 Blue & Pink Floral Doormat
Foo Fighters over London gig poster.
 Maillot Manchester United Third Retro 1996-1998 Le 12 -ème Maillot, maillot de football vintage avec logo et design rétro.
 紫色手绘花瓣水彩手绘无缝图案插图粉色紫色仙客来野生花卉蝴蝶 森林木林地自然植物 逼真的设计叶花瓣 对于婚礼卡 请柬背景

- - - - - - -

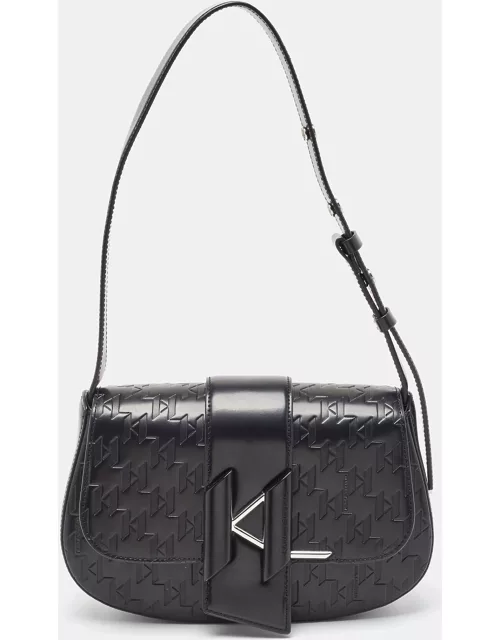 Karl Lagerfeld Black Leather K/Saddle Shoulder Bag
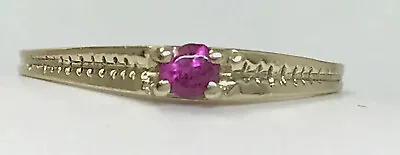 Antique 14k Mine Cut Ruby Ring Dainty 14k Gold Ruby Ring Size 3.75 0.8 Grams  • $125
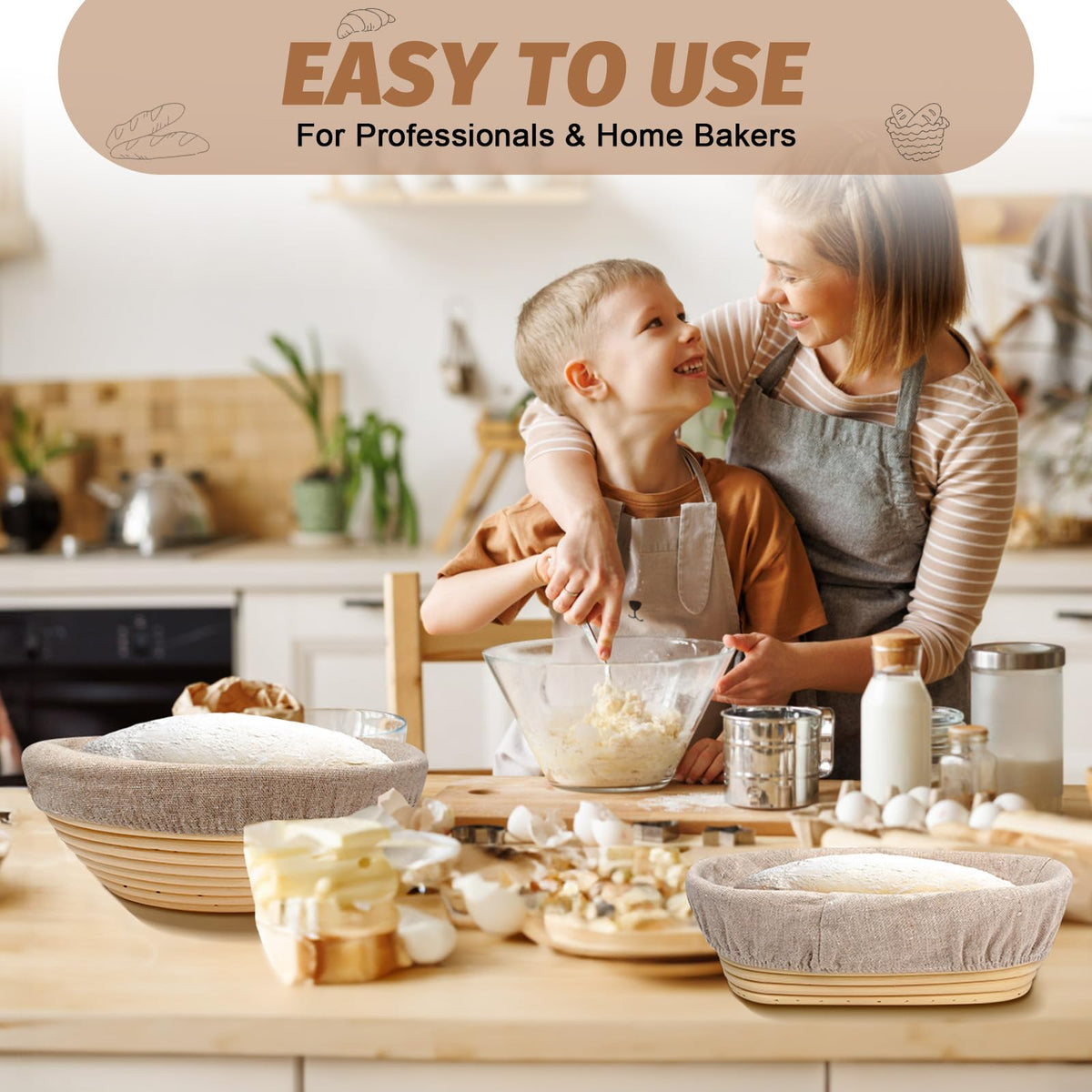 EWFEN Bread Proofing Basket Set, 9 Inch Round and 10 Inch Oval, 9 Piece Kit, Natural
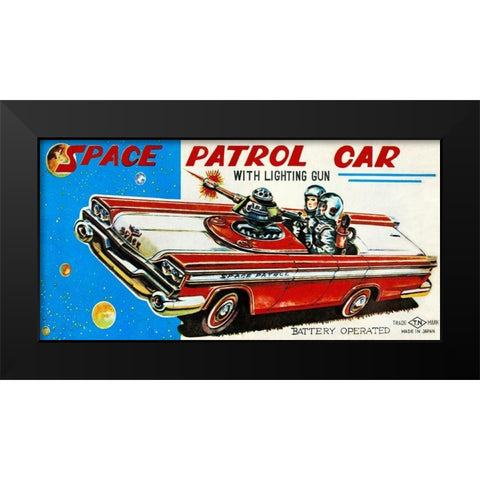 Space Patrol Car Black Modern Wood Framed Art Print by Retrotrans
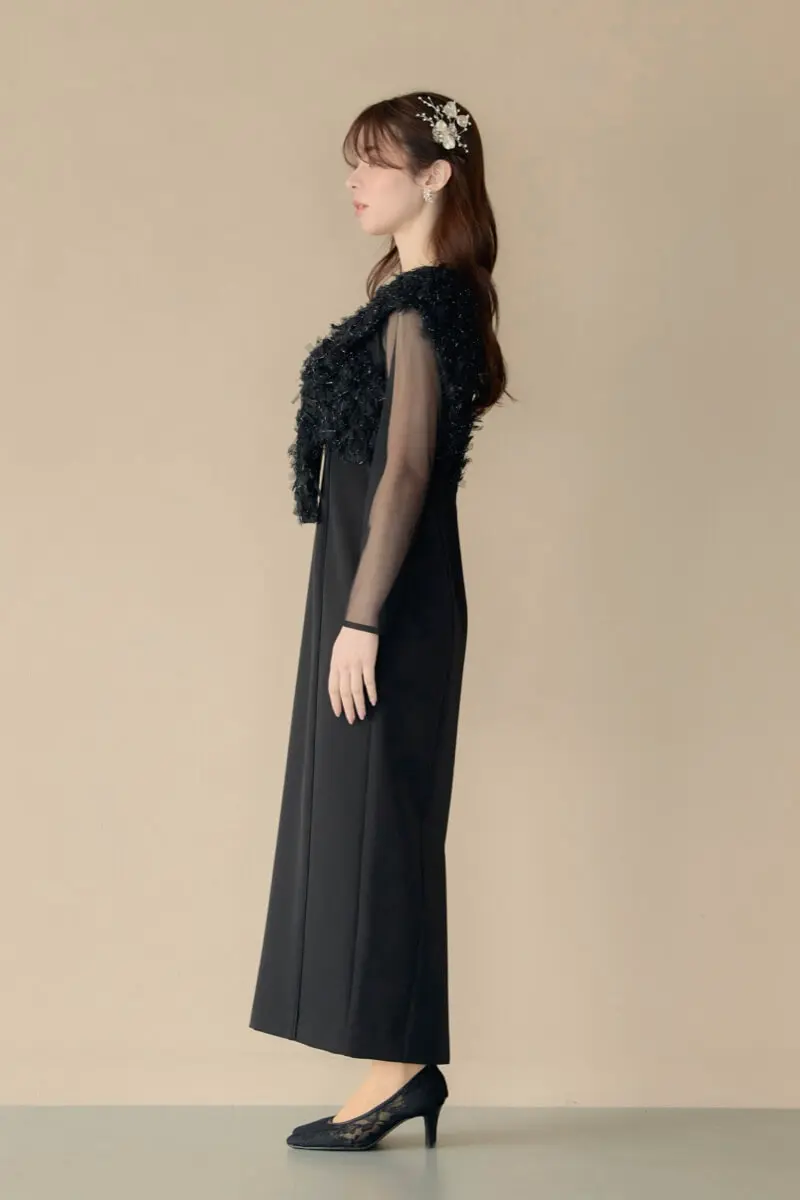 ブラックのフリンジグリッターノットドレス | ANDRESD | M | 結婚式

- - - - - - -

▶ WHAT YOU NEED TO DO: Reproduce exactly the section above that begins at the line containing "Foo Fighters over London gig poster." and ends at the line containing "紫色手绘花瓣水彩手绘无缝图案插图粉色紫色仙客来野生花卉蝴蝶 森林木林地自然植物 逼真的设计叶花瓣", leaving out all other lines.

▶ SOLUTION TO THE EXERCISE:
Foo Fighters over London gig poster.
 Maillot Manchester United Third Retro 1996-1998 Le 12 -ème Maillot, maillot de football vintage avec logo et design rétro.
 紫色手绘花瓣水彩手绘无缝图案插图粉色紫色仙客来野生花卉蝴蝶 森林木林地自然植物 逼真的设计叶花瓣 对于婚礼卡 请柬背景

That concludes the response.